A qualitative measurement is an assessment of the qualities of what you are measuring. Instead of using a ruler, scale or stopwatch, the measurement tool in qualitative research is the researcher. Qualitative data tends to be more subjective, meaning whatever ends up being recorded has been interpreted by those experiencing it. Examples of qualitative measurements include recording the colour of something, what it tastes like, how it feels, how it makes you feel and the quality of what you are measuring. Qualitative research tends to be richer than quantitative measurements.

Quantitative Research

Quantitative research is data that can be recorded by measurements with standardised tools. Quantitative measurements involve numbers, or quantities.

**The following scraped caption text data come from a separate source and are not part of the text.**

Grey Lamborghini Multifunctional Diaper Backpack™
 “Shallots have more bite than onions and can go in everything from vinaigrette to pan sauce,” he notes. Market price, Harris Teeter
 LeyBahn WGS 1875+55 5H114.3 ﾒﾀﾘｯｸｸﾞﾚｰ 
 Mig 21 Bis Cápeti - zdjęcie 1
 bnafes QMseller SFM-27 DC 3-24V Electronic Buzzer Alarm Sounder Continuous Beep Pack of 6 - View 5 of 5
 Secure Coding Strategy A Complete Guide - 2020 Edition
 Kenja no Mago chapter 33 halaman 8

A quantitative measurement is objective, meaning that it does not fall under the interpretation of the researcher. Examples of quantitative data include frequency, cost, length and mass. This type of data can be easier for other researchers to understand, but it might not completely describe what is going on in the situation.

Knowing When To Use Each

Deciding what kind of conclusions you want to draw form your experiment will help you determine which method is more advantageous. If you are not sure what to expect in an experiment, a qualitative approach might the best place to start. Start your processes and report whatever you see happening. Knowing what to expect from your experiment might help you develop a hypothesis that can be tested. To prove your hypothesis you need quantitative data. This method is also useful for establishing a cause-and-effect relationship. Once you have proven something measurable is happening the qualitative approach is useful to explain the reasoning behind your conclusion.

Combining Methods

Scholars should embrace both methods of research instead of arguing about which one is better. For example, when measuring something that may seem subjective, like opinions, create a measure that standardises the possible responses to your question. Likert scales measure how someone is feeling using a number scale from one to five. In addition to this quantifiable measure, provide an area for comments. This gives you both quantitative and qualitative data and make it easier to find patterns.